Exercise objective
All lines from the one containing "Zooming in can" through the final line of the listing below, and no others, must be returned exactly; no pictures belong in the copy.

Given data
↓↓↓

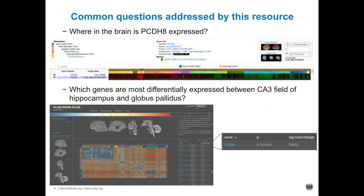The way this atlas is generally used is you can look up a particular gene of interest. I show a heat map for PCVH8, where red represents high expression and green represents lower expression. This would be a gene where expression is high in hippocampus, for example. Another common use for this atlas would be to look for genes that are differentially expressed between different areas of the brain. Looking for genes differentially expressed between the CA3 field of the hippocampus and the globus pallidus, PCVH8 is one of the top ones.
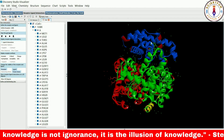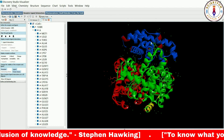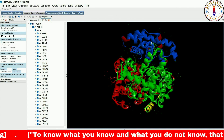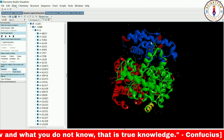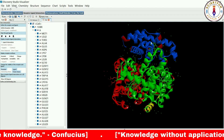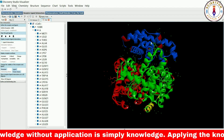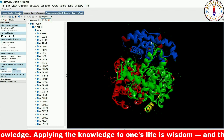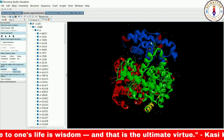Zooming in can help you see smaller features and details of the protein that may not be visible at lower magnification, which can be useful for examining specific regions or making more accurate measurements. On the other hand, zooming out can give you a more global view of the protein, making it easier to see the overall structure and how different regions fit together. This is especially useful when working with large or complex protein structures or with multiple protein models at the same time.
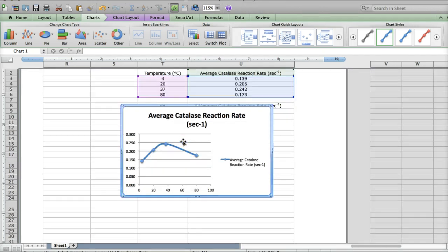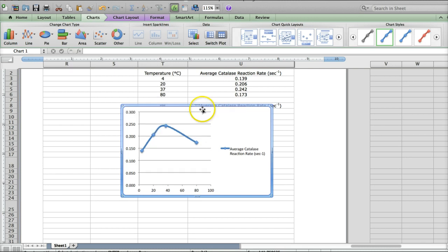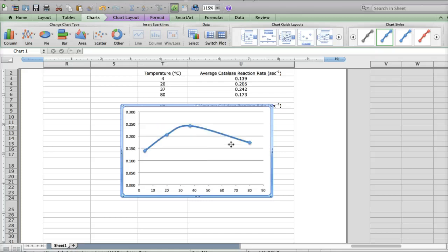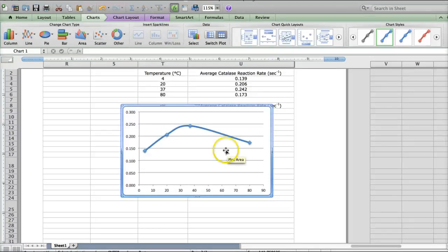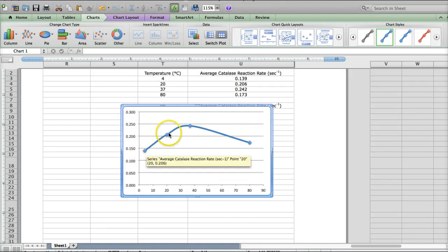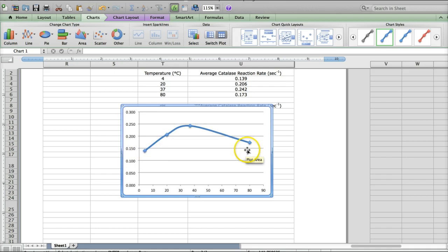Mine automatically includes a title. For this, we're going to add the title in the Word document, so we don't need that. Mine also includes this legend automatically. But since we only have one set of data, we're only looking at catalase enzyme, we don't need that either. And what we're left with is this really nice scatterplot of your averages connected by a smooth line.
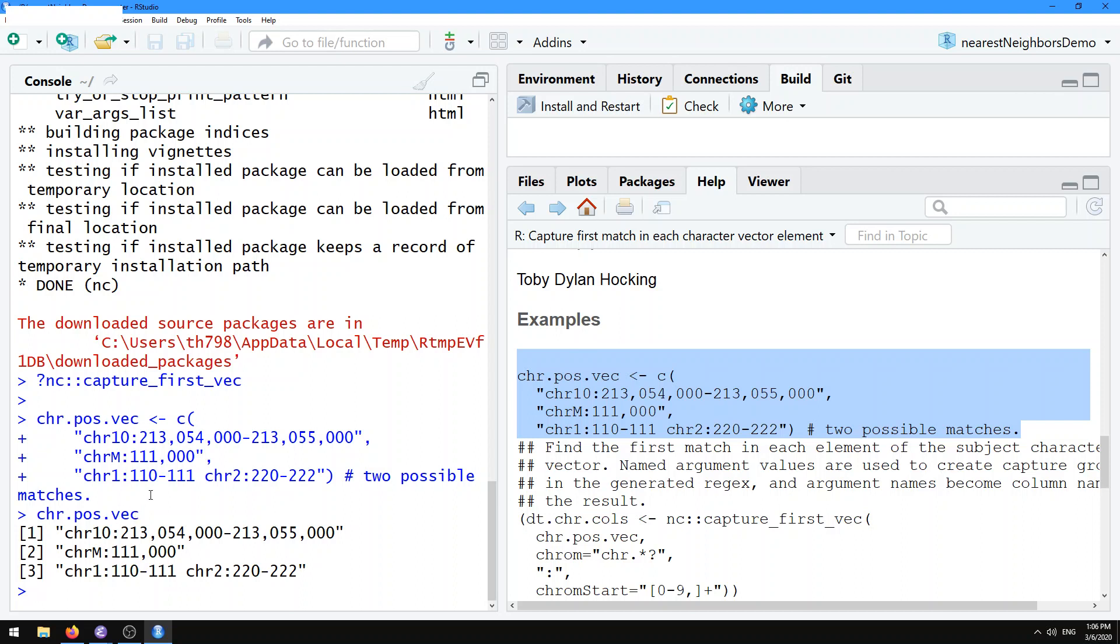The subject strings always have a chromosome name followed by a start position with integers and sometimes commas, then a dash and an end position. In this example, our second subject doesn't have any end position, and our third subject actually has two genomic range strings.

↑↑↑

Solution
Zooming in can help you see smaller features and details of the protein that may not be visible at lower magnification, which can be useful for examining specific regions or making more accurate measurements. On the other hand, zooming out can give you a more global view of the protein, making it easier to see the overall structure and how different regions fit together. This is especially useful when working with large or complex protein structures or with multiple protein models at the same time.
Mine automatically includes a title. For this, we're going to add the title in the Word document, so we don't need that. Mine also includes this legend automatically. But since we only have one set of data, we're only looking at catalase enzyme, we don't need that either. And what we're left with is this really nice scatterplot of your averages connected by a smooth line.
The subject strings always have a chromosome name followed by a start position with integers and sometimes commas, then a dash and an end position. In this example, our second subject doesn't have any end position, and our third subject actually has two genomic range strings.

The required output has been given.